** GIVEN INFORMATION follows **

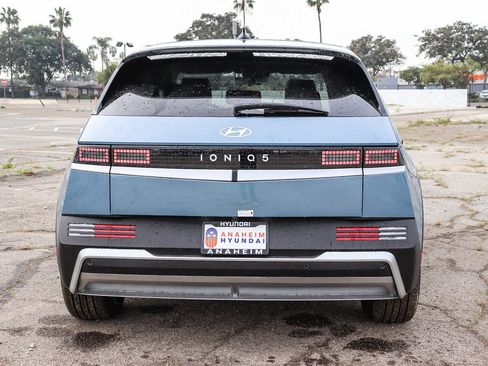 New 2026 Hyundai Ioniq 5 SE image 7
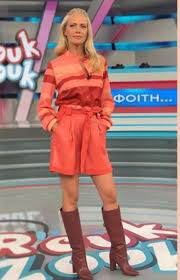 Check spelling or type a new query. H Zeta Makrypoylia Plhrwse 138 Eyrw Gia Na Bgei Sto Royk Zoyk Me Ayth Thn Mployza Deite Thn Celebrity Style Youweekly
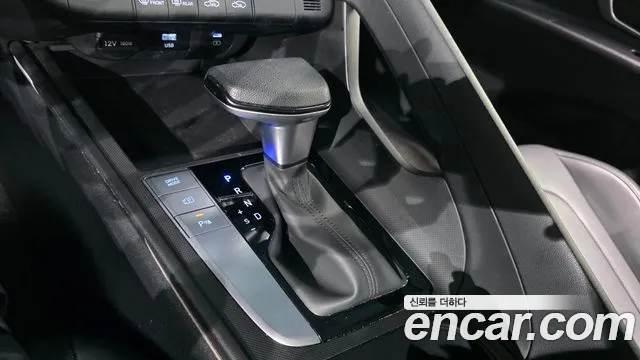 Hyundai Avante CN7 — Фото автомобиля 12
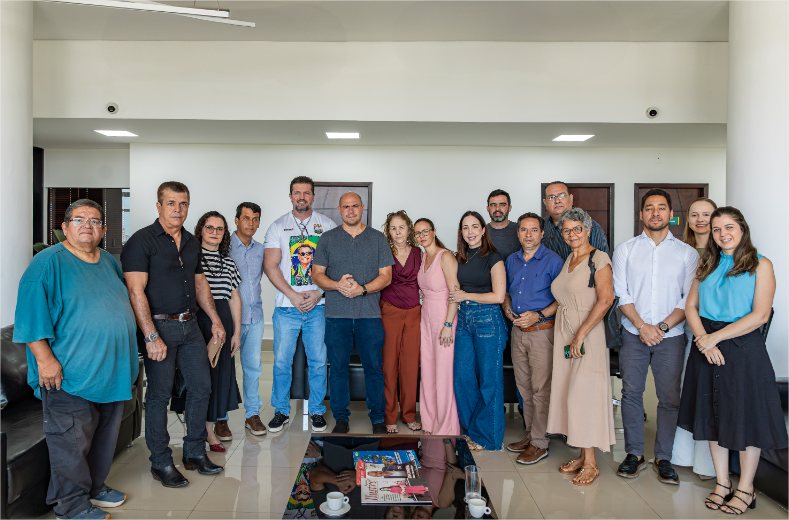 Prefeito se reúne com moradores e anuncia medidas para garantir regularização de condomínios em Cuiabá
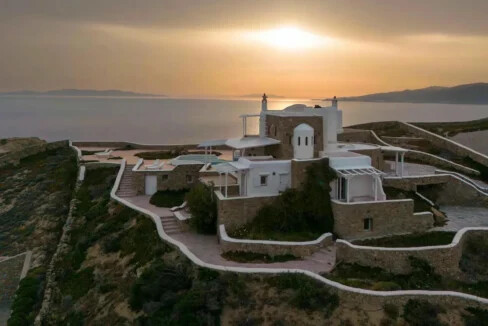 Big Villa for sale in Mykonos, Houlakia 23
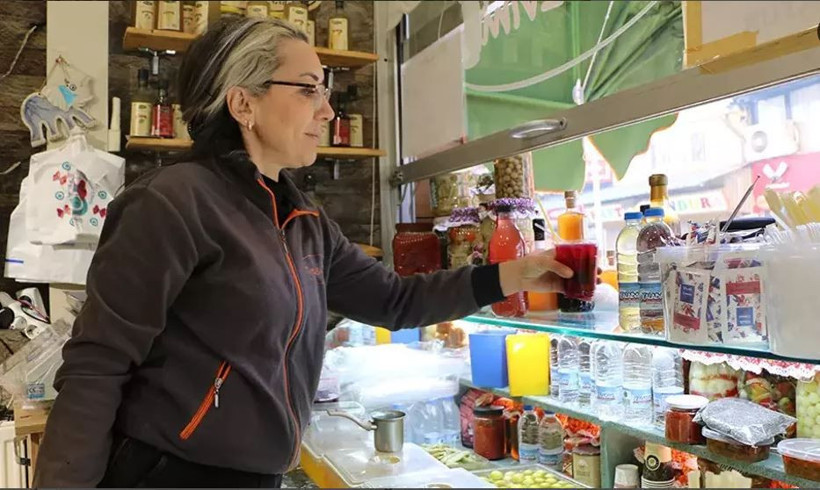 ‘Neşeli Günler’ filmi gerçek oldu! Boşanan çift aynı sokakta rakip oldu: “Keşke Sadece limon mu sirke mi kavgası olsa…” - Resim: 14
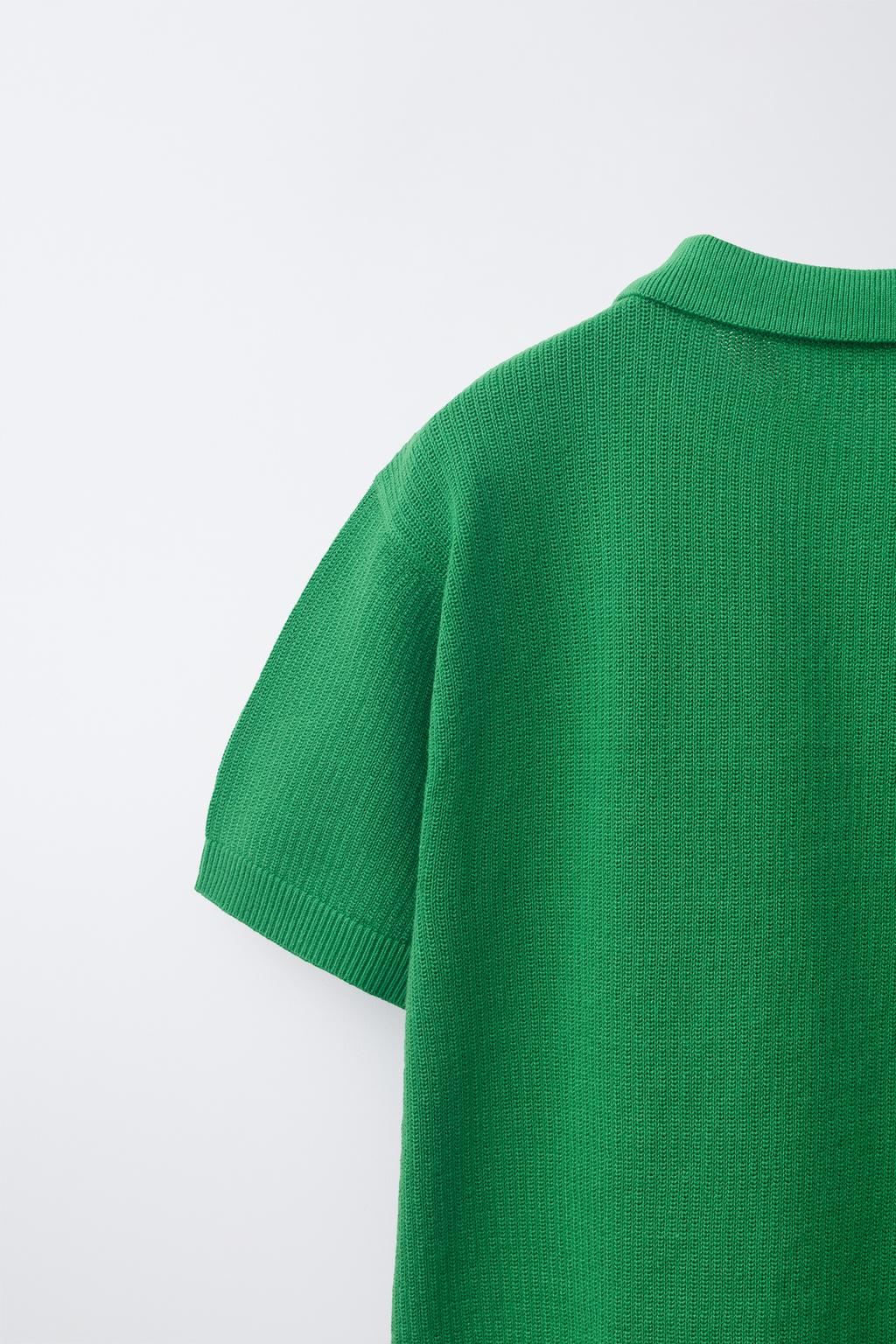 ОДНОТОННОЕ ПОЛО РЕЛЬЕФНОЙ ВЯЗКИ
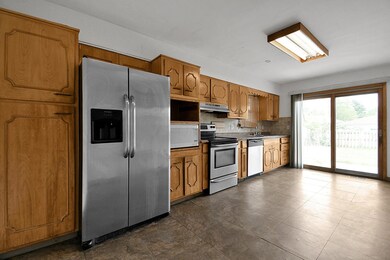 1268 Erickson Rd, Columbus, OH 43227 - photo 7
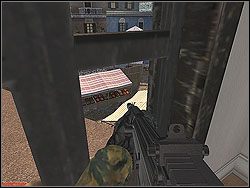 W pokoju na górze musisz skorzystać z okien: z tego z widokiem na główny plac rozwal człowieka pojawiającego się w przejściu w oddali - Atena Sword - Opis (1) - Misja 8 - Tom Clancys Rainbow Six 3: Athena Sword - poradnik do gry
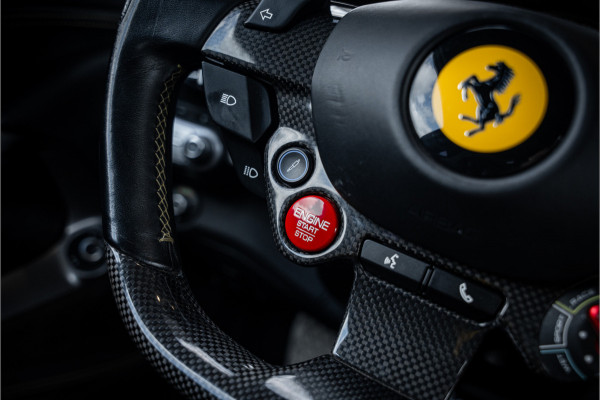 Ferrari 812 6.5 V12 Superfast HELE - Racing seats l Passenger display l JBL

** End of GIVEN INFORMATION **

_YOUR ASSIGNMENT_
The result should be an exact repetition of all the records. Drop the pictures.

_SOLUTION FOR THIS PROBLEM_
 New 2026 Hyundai Ioniq 5 SE image 7
 Check spelling or type a new query. H Zeta Makrypoylia Plhrwse 138 Eyrw Gia Na Bgei Sto Royk Zoyk Me Ayth Thn Mployza Deite Thn Celebrity Style Youweekly
 Hyundai Avante CN7 — Фото автомобиля 12
 Prefeito se reúne com moradores e anuncia medidas para garantir regularização de condomínios em Cuiabá
 Big Villa for sale in Mykonos, Houlakia 23
 ‘Neşeli Günler’ filmi gerçek oldu! Boşanan çift aynı sokakta rakip oldu: “Keşke Sadece limon mu sirke mi kavgası olsa…” - Resim: 14
 ОДНОТОННОЕ ПОЛО РЕЛЬЕФНОЙ ВЯЗКИ
 1268 Erickson Rd, Columbus, OH 43227 - photo 7
 W pokoju na górze musisz skorzystać z okien: z tego z widokiem na główny plac rozwal człowieka pojawiającego się w przejściu w oddali - Atena Sword - Opis (1) - Misja 8 - Tom Clancys Rainbow Six 3: Athena Sword - poradnik do gry
 Ferrari 812 6.5 V12 Superfast HELE - Racing seats l Passenger display l JBL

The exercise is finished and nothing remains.